News of the decision sent a ripple through the national media, which has taken a low-key approach to covering the first daughter while she pursues a degree in history. Time magazine described her as a crowd-pleasing campaigner and "the most potent familial ornament in American politics since Jackie Kennedy."

The Clintons say they're looking forward to spending some time with their daughter, who plans to return to campus in January and graduate in June (she took extra classes as a junior and should have plenty of credits). "She wants to help her mother," the president said at a Rhode Island fund-raiser in July. "And she wants to keep company with her father, which is always a surprising thing when your children grow up and they want to spend time with you."

There She Is…

photo of Rita Ng

AP Photo/ The Fresno Bee, Darrell Wong

Less than 24 hours after Rita Ng was crowned Miss California in June, reporters set up camp outside her Tracy, Calif., home. They wanted to know just one thing, says Ng: "You graduated from Stanford with a 3.99 GPA -- what in the world are you doing in this pageant?"

Plenty, as it turns out. The first Asian-American to serve as Miss California, Ng, '00, is also the first contestant to win multiple awards at the competition, a warm-up for Atlantic City, where she will compete October 14 for the Miss America title.

A human biology major who rarely wore makeup on the Farm, Ng has postponed enrolling in UCSF's medical school to focus on her duties as Miss California, which include trips to the French Riviera and Africa to promote children's health and welfare.

Ng has the help of a personal trainer, a nutritionist and hair and makeup stylists. But don't call her a beauty queen. "It's not all how you look in a swimsuit," she says, citing the generous scholarships the program awards (she won $10,000, plus a 2000 Ford Mustang).

How the West Was Fun

photo of plaque

Courtesy E. Clampus Vitus

Like any historical society, E. Clampus Vitus puts up brass markers to commemorate bygone days. But ECV is to heritage organizations what the LSJUMB is to university bands. No demure tea parties or sedate walking tours for these folks: they dress up in Gold Rush duds and party hard, in keeping with their own 1850s roots as a miners' social and benevolent club. The Wild West being what it was, ecv's 40-plus chapters memorialize everything from boneyards to bell towers, varmints to visionaries.

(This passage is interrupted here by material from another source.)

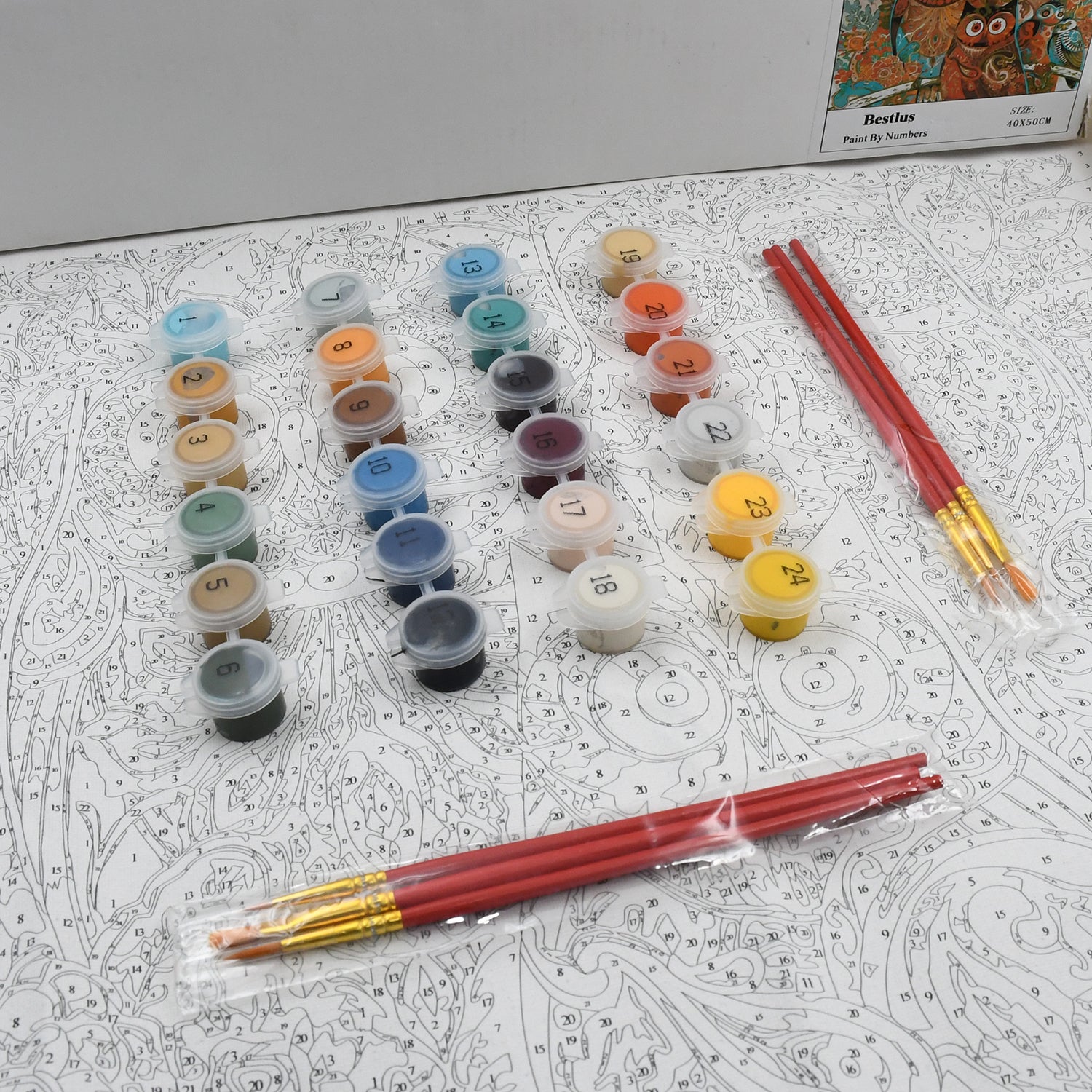 Paint by Numbers for Adults Beginner - Adults' Paint - by - Number Kits on Canvas - DIY Oil Painting by Numbers for Adults - 24 Number Color, 6 paintbrushes, pre - printed canvas (unframed) 40 cm x 50 cm - infinityexculsivestore.com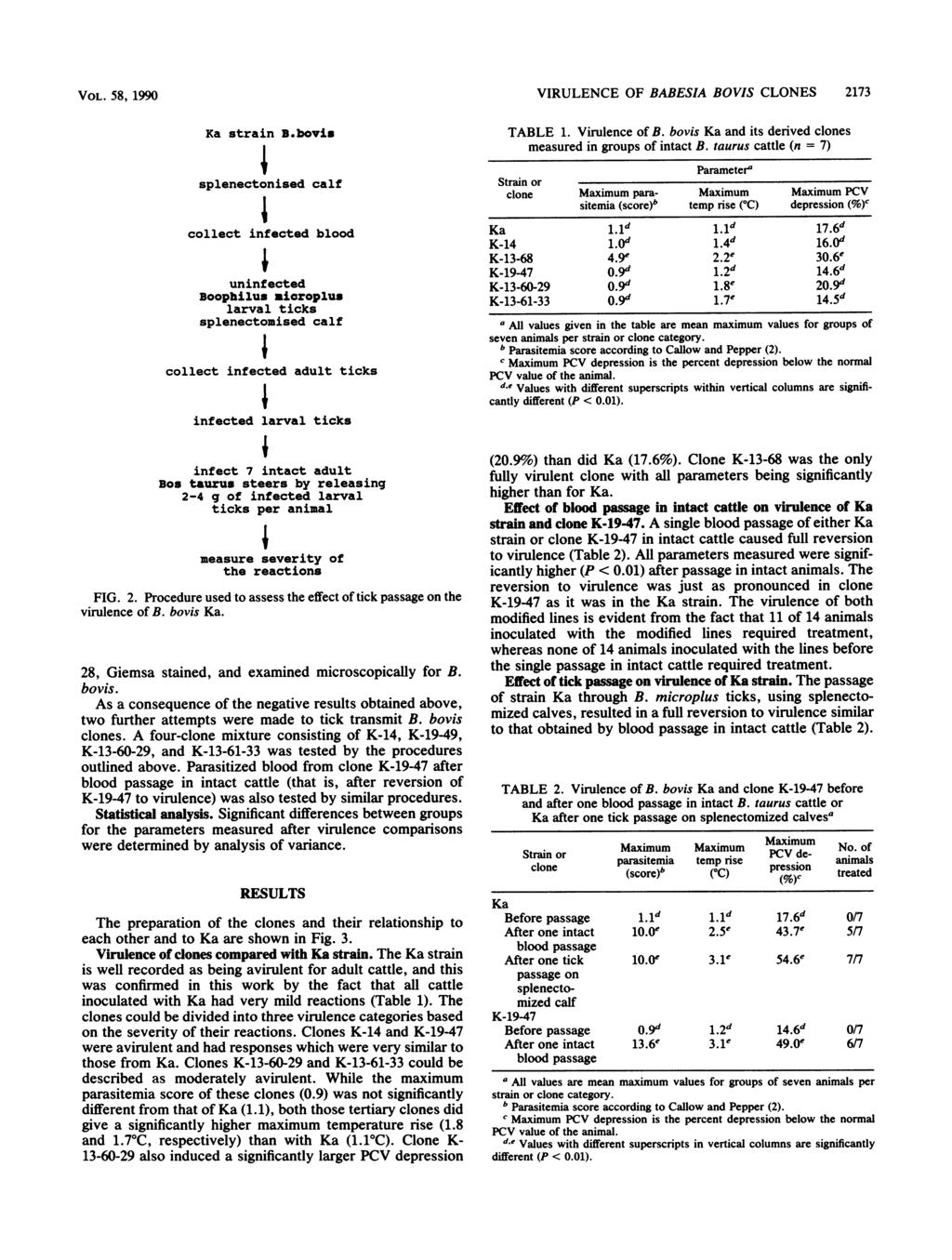 VOL. 58, 1990 VIRULENCE OF BABESIA BOVIS CLONES 2173 Ka strain B.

In June, the society honored Leland Stanford, erecting a plaque in Sutter Creek, Calif., near the Lincoln-Union mine he owned. The marker notes the University founder's contributions to both Sutter Creek and California. Of course, it was the Gold Rush that drew the Stanfords west in 1852, and the rest, well, goes without saying.

 

Photo of George Story

BABY TALK: Story began his life concurrently with Life.

Erica Burger

A LIFE in Pictures

George Story didn't mind playing those tell-us-something-interesting-about-yourself party games. He'd grin and announce that he once had been photographed nude in a national magazine.

The editors of Life backed up his claim every decade or so for more than 60 years by rerunning the eye-catching photo and reminding readers that Story, '58, had appeared in the magazine's debut edition, November 23, 1936. Story, who died April 4, was only seconds old when a photographer slipped into the delivery room of a Portland, Ore., hospital and snapped a photo later headlined "Life Begins." "Several more pictures were taken that day, and in one you can see that he's obviously a little boy," says Story's widow, Judy, who lives in Kailua, Hawaii. "But I guess it was too risqué to use in those days."

A new photo of Story was supposed to appear in the farewell issue of Life, which ceased publishing in May. But in what the magazine's editors described as a "sad and altogether strange" convergence of events, Story died of congestive heart failure two days before a Life photographer was scheduled to take his picture. The magazine's headline this time: "A Life Ends."